No Longer in Language Limbo

No Longer in Language Limbo

Ed-tech startup Lingwing is innovating the way in which we learn online, by pioneering a math-based method, driving high engagement, and offering an impressive speech recognition system. Forbes Georgia’s Inge Snip went by their office on Saakadze Square to find out more from its CEO Vato Veliashvili.

German was definitely not my favorite subject in school, but when I was in 8th grade, my grades increasingly became better. My German teacher decided to equip us with a handy tool. Copied on a floppy disk (yes, that’s how old I am), a very basic computer program allowed us to remember the words we had to study for our tests.

I enjoyed not having to write down by hand all the words, a thousand times, so I genuinely wanted to use it for my other classes as well, but it was only limited to German. I browsed the dial-up 64-128kbps internet and found the program in a corner of the web, one where you could manually insert the content you wanted to study. I used this program up till university. But it was quite labor intensive and would only work for remembering words, terms, dates, and places.

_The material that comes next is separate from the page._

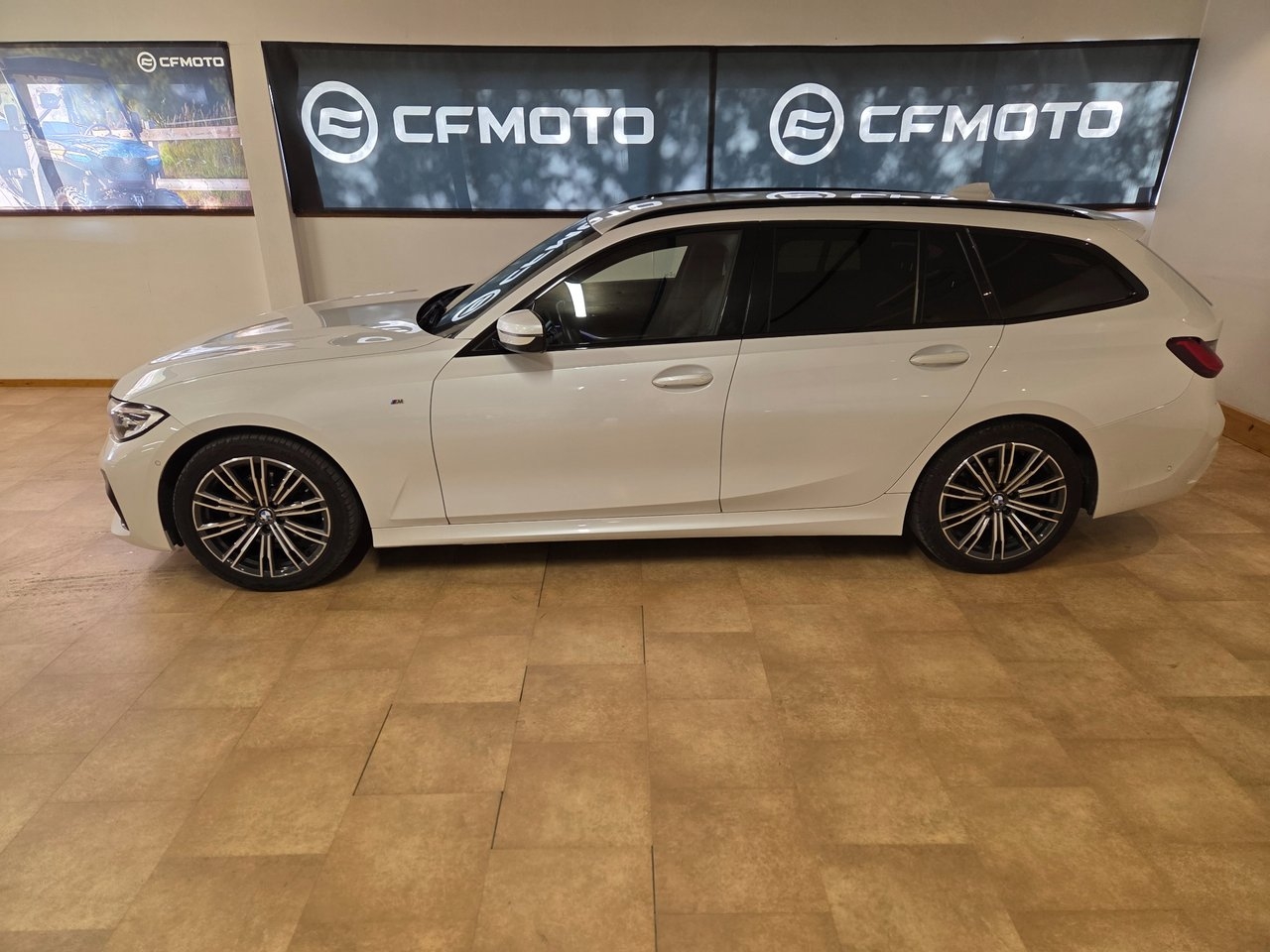 BMW 320 2020, bild 4/10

Later, I realized that the languages I speak best, are those that I am ‘forced’ to use. I could even go as far as claiming that my Georgian, a language I never officially studied, is better than my French, which I was taught in school for eight years.

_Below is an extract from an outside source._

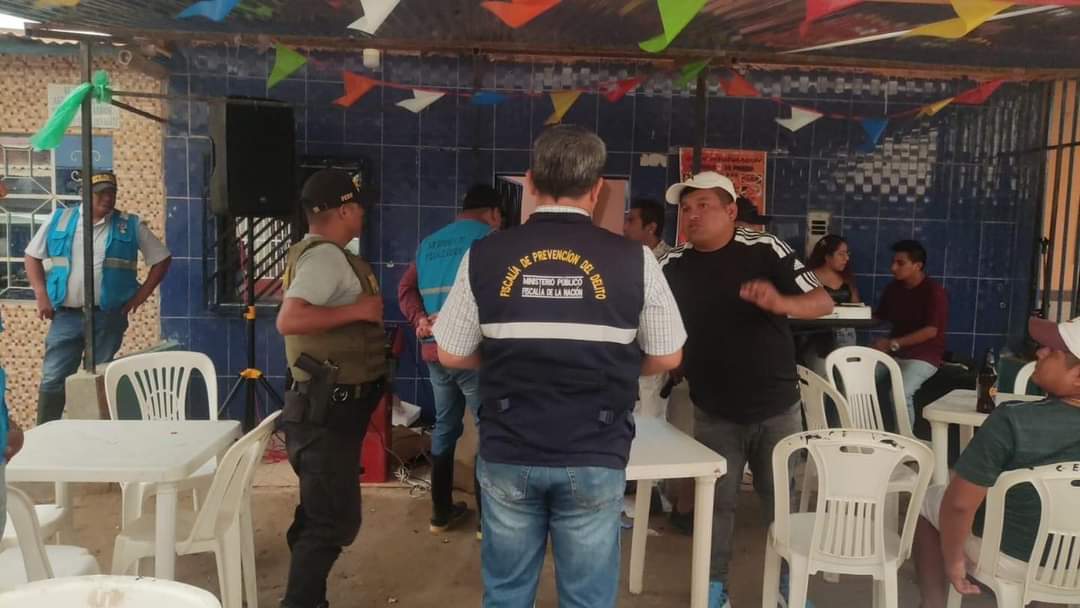 Piura: menores son hallados libando licor en cantina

And that is what the ed-tech startup Lingwing is after. Through high engagement, interactive exercises, and a mathematical learning method, Lingwing’s interactive free platform for learning languages is pioneering online learning. And they are doing so, quite successfully.

Vato Veliashvili, Lingwing’s CEO enthusiastically tells me about the platform’s innovative approach and their users’ overwhelmingly positive feedback.

“It works because we’ve designed the platform from the user’s perspective, instead of taking offline learning methods online,” Vato tells me, “that just doesn’t work.”

Learning a new language can be a long and painful process. And whether at school, at a language center, or with a private teacher, the hardest part is just simply remembering all of it and engraving it in your brain.

“We wanted to shorten the time it takes to learn a language,” Vato says, adding that the platform uses a logical learning order, makes you feel as if you were practicing with a native speaker with their own developed speech recognition add-on (which utilizes Siri and Google speech, essentially optimizing them), and is focused around the so-called spaced repetition system.

The 27-year-old Vato, who wrote his first program in a week without knowing any coding when he was only fifteen-years-old, was inspired to create the new language learning platformby his father, and current business partner David. While living in Moscow, David decided he wanted to study English, but failed to find online platforms that actually worked. So he called his son to ask if there were any existing platforms coming from Georgia. This was 2010.

Vato and his father created teach.ge, a prototype preceding Lingwing, which gained about 100,000 active users.

But it wasn’t until their first seed funding by Bank of Georgia’s VegaLab in 2015, and the Georgian Innovation and Technology Agency’s Startup Georgia’s competition that the development of Lingwing could start in earnest.

“We now employ 12 people and are working towards becoming profitable through our freemium plan,” Vato says, explaining that anyone can use the platform for free, but to be able to execute additional daily tasks, they’ve created packages, with funky names such as lazybones (free), diligent (₾19 per month), plodder (₾49 per month), and polyglot (₾69 per month). Nearly 5% of their customers are currently on a paid plan.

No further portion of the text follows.